So it was that, a few weeks after the new year, Graham offered his services as a medical adjunct to the Order in general; most of the work he'd needed to carry out on the manor had been completed, and the rest could be put on hold until its prospective students were nearly of an age to learn there.
For all his nerves at the prospect of actually taking part in the war, there was still a part of Graham that found working as a healer thrilling - it felt almost like a window into the life which the ministry had denied him when they'd prohibited muggleborn healers in his final year of school.
For the most part, the help Graham offered was not particularly glamorous. What he mostly ended up doing was visiting wizards and witches who were already recuperating from their injuries; St. Mungo's provided excellent care in the immediate aftermath of incidents, but they had neither the funding nor the ward space to retain patients for the duration of their recovery. Happily, this pastoral care did serve to offer some solutions to his schooling concerns.
"So," Graham asked, on one of his regular visits to Delia Thistle, a muggleborn from two years above him at Hogwarts, "aside from your current occupation of helping to save the wizarding world, what plans do you have for the future, when we've won?"
Delia smiled weakly; Graham took care to show a positive outlook to his patients on the basis that there was plenty of gloom to go around without a pessimistic doctor stepping in on affairs.
"Well, what I wanted to do when I left Hogwarts was to teach," She said, "but - even assuming that we do eventually defeat You-Know-Who, I'm not sure where I'd manage to do that.
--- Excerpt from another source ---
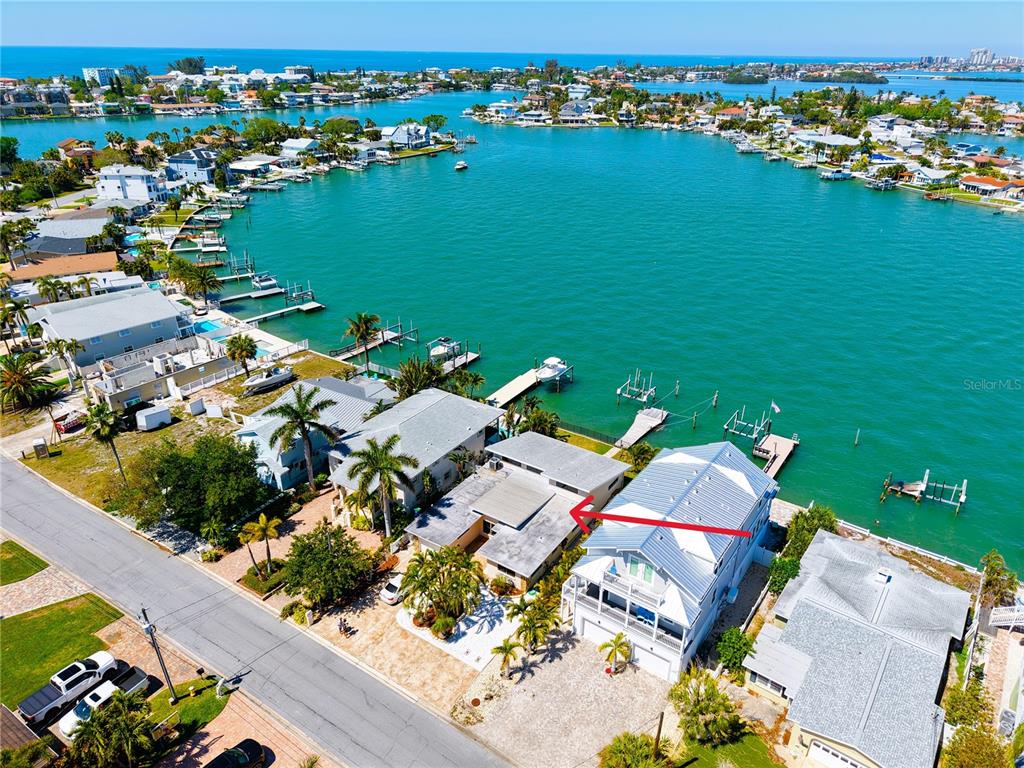 An aerial view shows a waterfront house with a red arrow pointing to its roof — 468 20TH AVENUE, INDIAN ROCKS BEACH, FL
The purebloods won't let a muggleborn tutor their kids, the rest can't afford tuition in any case, and Hogwarts doesn't have any vacancies - I suppose I could try and head to the States, but they've got a strict no-entry policy on England right now, of course."
Graham winced sympathetically; MACUSA had imposed the anti-immigration policy on British wizards as a retaliation against their problems with blood supremacists some years ago, but the greatest victims had been really been muggleborns being turned away from their borders when they came to America to seek asylum. Before answering, he cast a careful diagnostic on Delia, who had been recuperating from a muscle-atrophying curse which had crippled her in a skirmish some weeks before.
"So, firstly - we can actually downgrade your potions regimen again; you'll need to take one of these a day, and then we can start thinking about some basic physiotherapy to get you on your feet again." He rested a small case of vials on the counter by her recliner, and looked at Delia thoughtfully, before continuing.
"On the job front, I might actually have a couple of ideas as well. Obviously, for now your focus should be on recovery; but would you mind if I give you my phone number? Once all this blows over, I think I might be able to help you out…"
Although Graham found working for the Order (although, at his request, he hadn't been inducted into it, and beyond the identities of his patients had no idea of its membership) to be an excellent salve for his conscience, it did very little to solve the problem of his increasingly scarce savings. Sirius had managed to secure him a consistent supply of potions ingredients - apparently the apothecary in Diagon Alley regularly supplied the order with the necessities for healing potions as a gesture of support - but Gamp had regrettably proved that you couldn't conjure food, and Graham was highly uncomfortable at the prospect of asking anyone for money (especially after everything that Sirius had done for him), even if his expenses were relatively limited.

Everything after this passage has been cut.